EXERCISE AIM | Once the line with "Lebanon, OR 97355" is found, write it out along with each later line exactly, through the end of the entries, skipping every picture.

-.-.-

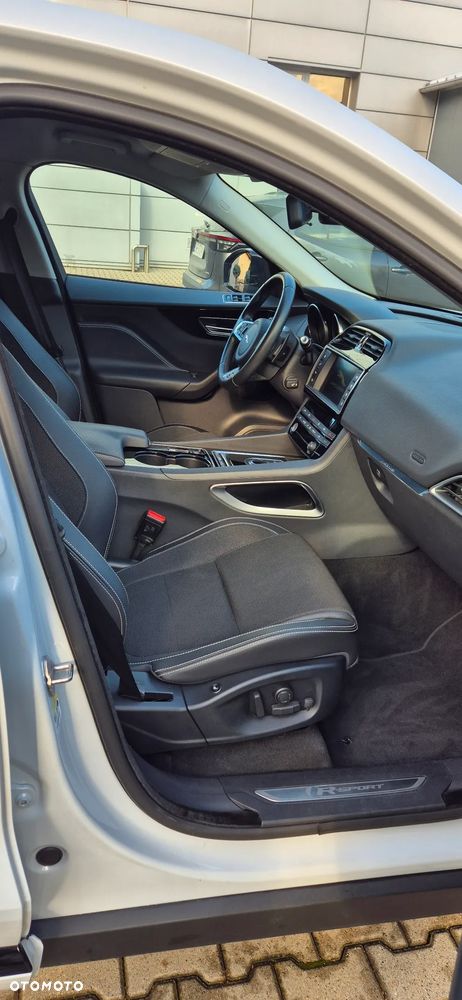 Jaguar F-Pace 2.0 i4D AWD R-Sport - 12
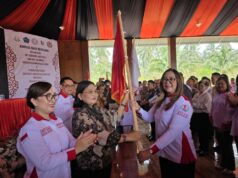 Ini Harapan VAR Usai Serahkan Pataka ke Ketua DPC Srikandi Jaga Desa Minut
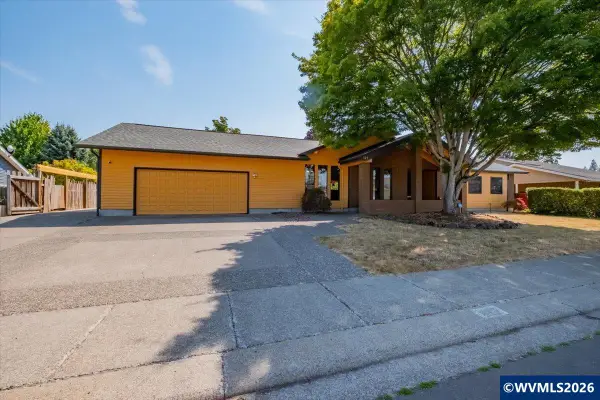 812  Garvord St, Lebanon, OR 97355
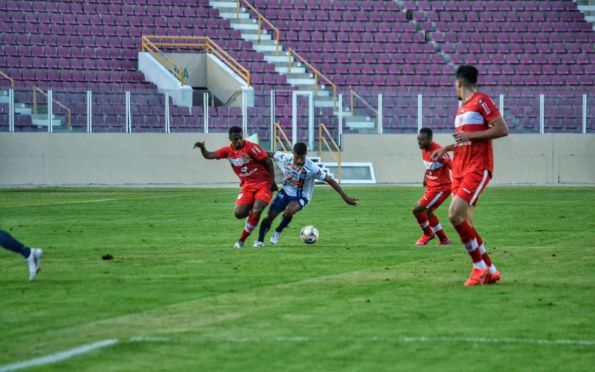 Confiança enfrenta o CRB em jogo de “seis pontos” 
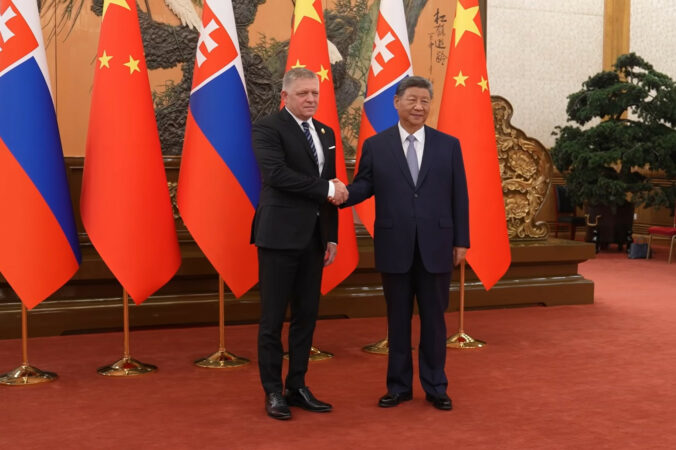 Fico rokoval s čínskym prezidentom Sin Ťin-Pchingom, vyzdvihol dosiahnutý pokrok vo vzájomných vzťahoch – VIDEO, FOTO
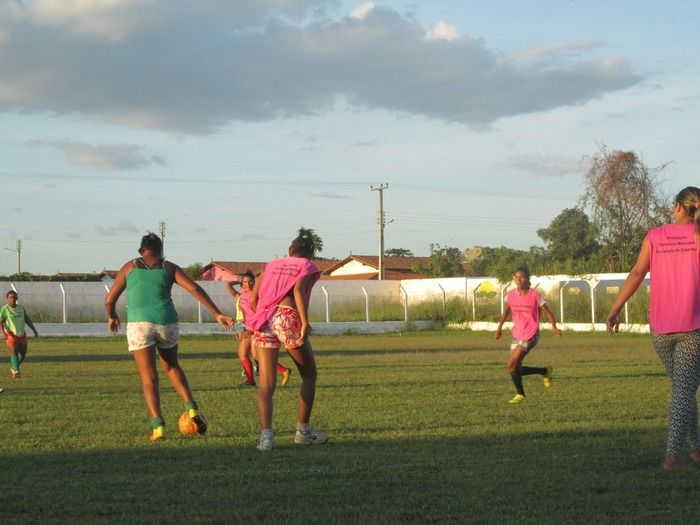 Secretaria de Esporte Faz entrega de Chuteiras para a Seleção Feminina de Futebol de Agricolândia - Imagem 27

-.-.-

ANSWER TO THE PROBLEM |
 812  Garvord St, Lebanon, OR 97355
 Confiança enfrenta o CRB em jogo de “seis pontos” 
 Fico rokoval s čínskym prezidentom Sin Ťin-Pchingom, vyzdvihol dosiahnutý pokrok vo vzájomných vzťahoch – VIDEO, FOTO
 Secretaria de Esporte Faz entrega de Chuteiras para a Seleção Feminina de Futebol de Agricolândia - Imagem 27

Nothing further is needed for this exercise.